Do bigger HD's in Raid become slower then smaller HD's in raid?

Spitfire7

Distinguished
Jan 18, 2007
770
10
18,995
Hey guys, quick question. If I had two 150GB 7200 HD's in Raid 0 would that be any faster in seek time, gaming, and everything else compared to having two 640GB 7200 HD's in Raid 0? Im looking for the speed here for games, so what do you think?

My other option is to go with a Vraptor 300GB 10000, but I have found from research that two 7200's in Raid 0 are still slightly faster. So I am going to go with the 7200's in raid, but should I get two smaller HD's or am I safe to get two larger HD's without compromising any speed? Thanks.
 

sub mesa

Distinguished
RAID0 cannot lower the seek time of your disks; it simply can't. It can make it higher though, if created inefficiently.

So while you can have a RAID0 of many 7200rpm disks, that would increase both IOps and throughput (MB/s), but it cannot lower the latency of these 7200rpm disks so single-threaded blocking I/O applications like games and booting would benefit little from the RAID0 potential. Instead, a faster disk like Velociraptor or SSD would help alot more here.

If i have to choose between one Velociraptor or two ordinary 7200rpm disks in RAID0, i'd pick the raptor.
 

Spitfire7

Distinguished
Jan 18, 2007
770
10
18,995
Thanks for the input sub mesa. You are actually the first person I have heard say there would be more benefit from the Vraptor including from some charts I have seen which state that the two 7200rpm HD's would be at a combined speed of 14,400rpm as well with a much higher storage space. So hearing your input kind of puts me back to the drawing board. more input would be appreciated from all.
 

sub mesa

Distinguished
Two 7200rpm drives certain do not give you a 14.400rpm drive. a RAID0 of two 7200rpm drives can perform two operations simultaniously, so that when disk1 has completed an operation, 2 would be completed. This is called parallelism and is employed in many computing concepts (DDR, Dual/Triple channel, Bank interleaving, Multicore/SMP/SMT, PCIe multi-lane, Parallel ATA, etc). Parallelism can work great if there's stuff to do, but they require the application the use that parallel potential, or it will go to waste. A good analogy is single-threaded games and applications running on dualcore or quadcore CPUs. Only one core can be used to process the game logic.

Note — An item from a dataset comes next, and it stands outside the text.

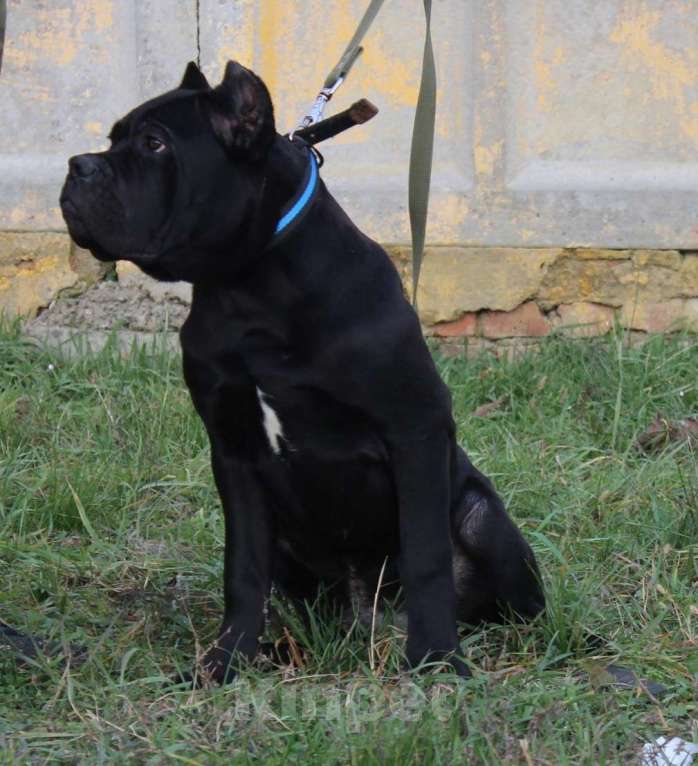 Собаки в Армавире: Мальчик кане Корсо Мальчик, 45 000 руб. - фото 2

Translating this to RAID0 means two 7200rpm disks would allow for higher sequential speeds than one 10.000rpm disk, but for applications employing serial non-sequential I/O operation, the 10.000 would win anytime over the 7200rpm disks, no matter howmuch you have paired in RAID0. True performance is not MB/s you measure with ATTO, HDTune or HDTach, but IOps performance of real applications. These statistics are hard to establish on windows-based systems. Although some tracing benchmarks try to mimic their behavior, and make excellent realistic tests. Those tests will show that a system disk gains more benefit from low latency (an SSD would be great, or a HDD with high rpm) instead of high throughput (MB/s).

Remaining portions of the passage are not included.